Short descriptive text snippets:
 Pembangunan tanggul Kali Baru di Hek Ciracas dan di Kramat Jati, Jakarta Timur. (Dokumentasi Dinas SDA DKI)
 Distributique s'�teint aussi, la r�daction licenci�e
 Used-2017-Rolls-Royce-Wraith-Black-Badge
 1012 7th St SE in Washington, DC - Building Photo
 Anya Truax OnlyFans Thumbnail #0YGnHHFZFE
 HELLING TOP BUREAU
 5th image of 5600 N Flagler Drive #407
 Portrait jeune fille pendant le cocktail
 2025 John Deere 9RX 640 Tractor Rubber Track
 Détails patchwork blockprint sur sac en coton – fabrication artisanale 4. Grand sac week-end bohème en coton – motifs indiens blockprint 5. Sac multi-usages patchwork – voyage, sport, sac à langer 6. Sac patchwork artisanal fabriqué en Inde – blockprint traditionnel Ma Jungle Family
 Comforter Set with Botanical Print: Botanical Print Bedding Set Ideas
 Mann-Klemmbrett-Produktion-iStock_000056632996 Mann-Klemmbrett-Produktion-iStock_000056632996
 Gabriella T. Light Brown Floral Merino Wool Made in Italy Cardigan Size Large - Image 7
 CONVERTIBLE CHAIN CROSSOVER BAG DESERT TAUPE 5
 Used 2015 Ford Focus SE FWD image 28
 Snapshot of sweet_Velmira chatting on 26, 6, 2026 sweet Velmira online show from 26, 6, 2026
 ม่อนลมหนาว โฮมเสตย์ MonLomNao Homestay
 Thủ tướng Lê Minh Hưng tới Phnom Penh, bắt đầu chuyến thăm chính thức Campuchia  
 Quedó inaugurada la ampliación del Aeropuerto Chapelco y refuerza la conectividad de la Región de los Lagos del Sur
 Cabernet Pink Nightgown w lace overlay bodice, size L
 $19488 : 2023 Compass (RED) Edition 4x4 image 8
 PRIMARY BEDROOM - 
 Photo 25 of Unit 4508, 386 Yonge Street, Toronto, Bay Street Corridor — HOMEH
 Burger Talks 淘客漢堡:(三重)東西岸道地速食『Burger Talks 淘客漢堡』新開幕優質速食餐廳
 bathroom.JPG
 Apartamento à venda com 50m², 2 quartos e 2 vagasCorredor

* **Your instructions**
Give back exactly the lines from the beginning of the records through the line containing "2025 John Deere 9RX 640 Tractor Rubber Track", and only those.

* **Exercise answer**
 Pembangunan tanggul Kali Baru di Hek Ciracas dan di Kramat Jati, Jakarta Timur. (Dokumentasi Dinas SDA DKI)
 Distributique s'�teint aussi, la r�daction licenci�e
 Used-2017-Rolls-Royce-Wraith-Black-Badge
 1012 7th St SE in Washington, DC - Building Photo
 Anya Truax OnlyFans Thumbnail #0YGnHHFZFE
 HELLING TOP BUREAU
 5th image of 5600 N Flagler Drive #407
 Portrait jeune fille pendant le cocktail
 2025 John Deere 9RX 640 Tractor Rubber Track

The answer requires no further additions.